The World Cup break appears an obvious point for a full assessment. Arsenal play only four more times in the Premier League before then and if they have maintained this pace by the 14-game mark there will be no flying beneath the radar. Southampton and Nottingham Forest will hold few fears over the next fortnight and Wolves, their final opponents until Boxing Day, may be regarded similarly unless a new manager bounce pervades Molineux. The visit to Stamford Bridge on 6 November may be where things get interesting: if Arteta can get the better of Graham Potter, a kindred spirit but several steps behind the Spaniard in his reshaping of Chelsea, Arsenal will have answered most of the relevant questions by the time eyes switch to Qatar.

One doubt will linger into next year. Arsenal were due to host Manchester City on Wednesday until their rescheduled Europa League tie against PSV Eindhoven took priority. Should current form be repeated to the letter they may not have to beat Pep Guardiola’s side this season, but reality will not be so simple: Arsenal should have prevailed when they met at the Emirates Stadium on New Year’s Day, instead reverting to modern-day type and falling short. They have not won that fixture in the league for seven years and it feels like the final frontier to potential greatness.

Arteta will not mind its postponement, even though his players would have fed on the atmosphere that has, against stereotype, made their home a bearpit. While Arsenal are playing scintillating football, Martin Ødegaard threading killer passes through to Gabriel Martinelli and Bukayo Saka on either side while Gabriel Jesus sets a rattling tempo up front and a reborn Granit Xhaka runs the midfield, their manager knows where the frayed edges are.

Arsenal secured victory at Leeds after Patrick Bamford’s penalty was missed.
Arsenal secured victory at Leeds after Patrick Bamford’s penalty was missed. Photograph: Visionhaus/Getty Images

The squad is thin: he complained about having only 16 senior outfield players available to face Bodø/Glimt last Thursday yet could hardly point to a distended injury list. Jesus was excused from the journey but Arteta would ideally have left others at home too. The minutes required of senior players are stacking up and fatigue increases the likelihood of mistakes such as the handball by William Saliba that offered Bamford his chance.

A visit from City might have fully exposed the cracks Leeds failed to wrench open. Few sides can operate at full tilt when asked to perform twice a week but the concern is that, if they are wobbling now, another month of the same will be too much. It would help if PSV can be seen off so Arsenal’s final group stage match against FC Zürich can be entrusted to the hopefuls. For once they are blessed with enviable strength in defence but the rest of Arteta’s first-choice side picks itself: lose a couple of the front six for an extended spell and the tightly wound nature of their game may unravel.

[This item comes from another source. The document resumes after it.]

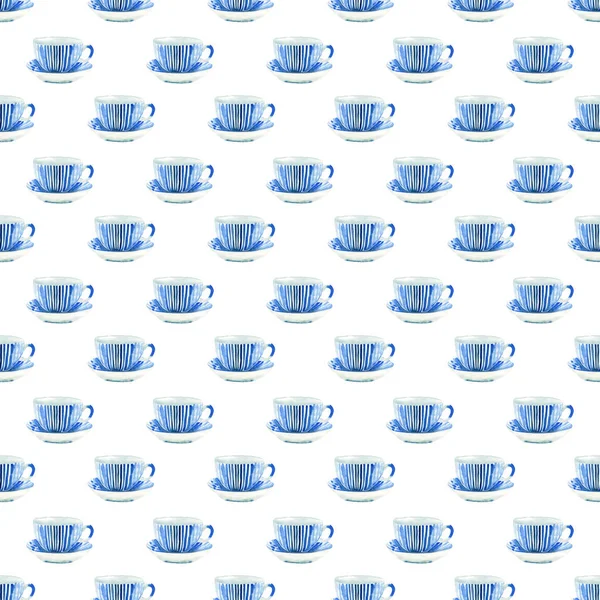 美丽的艺术招标精美的蓝色瓷器中国茶杯图案水彩手插图 完美的纺织品 — 图库照片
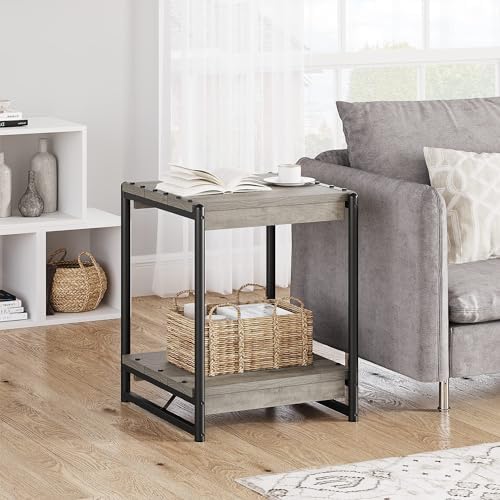 Comfynest Industrial Modern Square End Table, Living Room Sofa Side Table with Shelf Storage, Wood Bedroom Nightstand Furniture, Grey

That can be remedied in the January transfer market, where funds will be made available for the depth Arteta needs if the biggest prize looks attainable. Perhaps he and his conditioning staff will, through skill and chance, find they navigate the campaign with no big-name absences beyond the existing injury to Emile Smith Rowe. If they can manage that, anything seems possible. Fortune and brilliance have combined to win many a title race: Arsenal can trust in the latter but must hope their stock of the former remains bountiful.